Food Chemical Safety

• GRAS Reform: FDA will propose a rule to require the submission of notices for all substances claimed to be Generally Recognized as Safe (“GRAS”). Since December 1, 2025, the draft rule has been under review by the Office of Management and Budget (“OMB”). Deputy Commissioner for Human Foods Kyle Diamantas has previously offered brief comments on what the new rule could entail, though it remains unclear whether those elements are reflected in the draft currently under OMB review.
• Post-Market Review of Food Chemicals: HFP will continue to assess chemicals used in food that are of “most concerning to consumers” such as phthalates, propylparaben, butylated hydroxyanisole (“BHA”), and butylated hydroxytoluene (“BHT”). The agency released a prioritization tool last year and plans to release this year the first edition of the Systematic Post-Market Assessment process that will explain how it evaluates the safety of substances and decides which substances to review.
• “Closer to Zero”: HFP will establish action levels for cadmium and inorganic arsenic in baby and toddler foods, and issue guidance on preventive controls to minimize chemical hazards.
• Color Additives: FDA announced last year plans to phase out three synthetic food dyes in 2025 and the remaining six in 2026. HHS Secretary Kennedy reiterated this goal during his “Take Back Your Health” tour through Pennsylvania stating the Administration intends to “get[] rid” of the remaining six synthetic food dyes this year. FDA will also publish a draft guidance on when fruit- and vegetable-derived juices qualify as color additives under FDA regulations and prioritize review of new natural color submissions.
• Dietary Supplements: HFP will continue its release of final guidance on new dietary ingredient (“NDI”) notifications “to better inform industry on the safety and identity information required” for such notifications, and develop methods to better streamline its review process. In addition, HFP “will evaluate new and modernized regulatory approaches that protect the public health while supporting a responsible dietary supplement industry.”
• Caffeine Labeling: HFP will outline “industry best practices” for labeling added caffeine content in both packaged foods and beverages at retail and restaurant settings. A guidance related to caffeine labeling, however, does not appear on HFP’s 2026 guidance agenda.
• Allergen Labeling: FDA will gather information from stakeholders to “advance” its “approach to regulating food allergens to benefit the public health.” For example, FDA will host a listening session next month on food allergen thresholds and it recently issued a Request for Information (“RFI”) related to gluten labeling and preventing cross-contact.

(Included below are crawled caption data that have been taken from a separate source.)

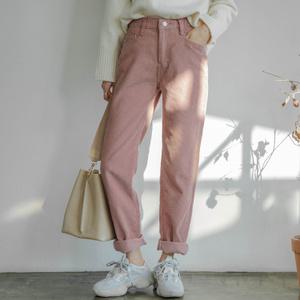 [시크릿라벨] 하이웨스트밴딩코듀로이팬츠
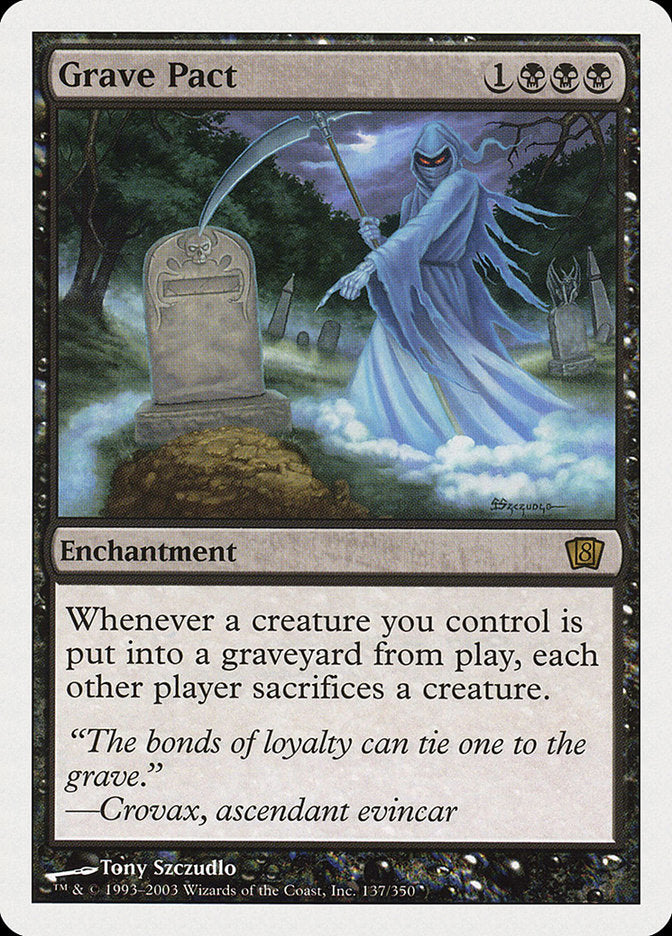 Grave Pact [Eighth Edition] | Card Merchant Takapuna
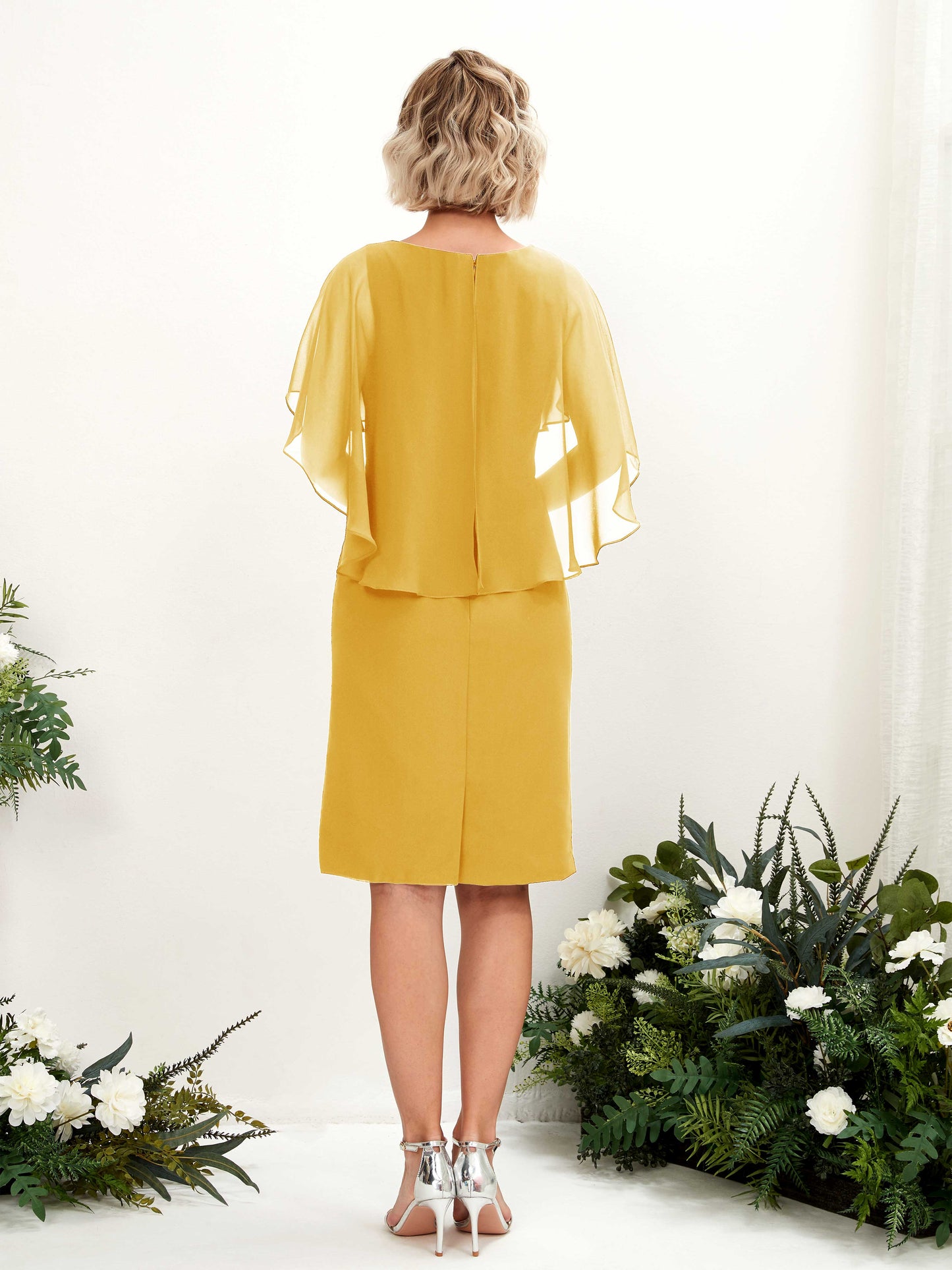 Tey Mustard Yellow Midi Dress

Reducing Chronic Disease Through Better Nutrition

• Ultra-processed Foods (“UPFs”): FDA will continue to gather information on UPFs, including reviewing comments from its 2025 RFI. Notably, the recently released 2025–2030 Dietary Guidelines for Americans (“DGAs”) recommend avoiding “highly processed packaged, prepared, ready-to-eat, or other foods that are salty or sweet” and “sugar-sweetened beverages, such as soda, fruit drinks, and energy drinks.”
• Infant Formula: HFP will implement a plan for modernizing infant formula nutrient requirements based on information it received as part of Operation Stork Speed, and it will “release exposure data” on heavy metals and other contaminants, including lead, arsenic, cadmium, mercury, and PFAS.
• Front-of-Package (“FOP”) Nutrition Labeling: HFP will prepare options for the final FOP regulation based on public comments received on the proposed rule, which HFP describes as providing “widespread support for FOP labeling,” but with “varying opinions on the details of the label’s content and design.” Because the draft rule was largely developed under the previous Administration, it remains to be seen whether this Administration will seek to reshape the regulation, especially in light of the latest DGAs.
• “Healthy” Claim: HFP notes that it will assess whether changes to the “healthy” rule are needed to align with the latest DGAs and it will “continue work to implement the updated criteria, including by advancing a potential guidance that identifies a symbol to depict the ‘healthy’ claim.” HFP’s 2026 guidance agenda, however, does not currently include such guidance.
• Food Standards of Identity: HFP will issue an interim final rule, two new final rules, and new proposed rules related to the continued elimination of “outdated standards of identity.”
• Added Sugar Reduction: The latest DGAs emphasized that “no amount of added sugars or non-nutritive sweeteners is recommended or considered part of a healthy or nutritious diet.” HFP will implement “an added sugar reduction strategy” to encourage industry to lower added sugar in processed and prepared foods by, among other things, proposing a nutrient content claim for “low added sugar,” “investigating ingredient labeling and menu labeling requirements,” and assessing the use of low or no-calorie and non-nutritive alternative sweeteners.
• Sodium Reduction: While the DGAs contained little emphasis on reducing sodium intakes, HFP will conduct a formal evaluation of the Phase I sodium reduction targets issued in 2021.
• Direct Marketing to Children: FDA will collaborate with the Federal Trade Commission (“FTC”) to explore the development of industry guidelines and other strategies to limit “the direct marketing of certain unhealthy foods to children, as outlined in the MAHA Strategy.”
• Online Grocery Shopping: Given the dramatic rise of online grocery shopping in recent years, FDA plans to issue draft guidance on Nutrition Facts, ingredient, and other food labeling for online grocery shopping.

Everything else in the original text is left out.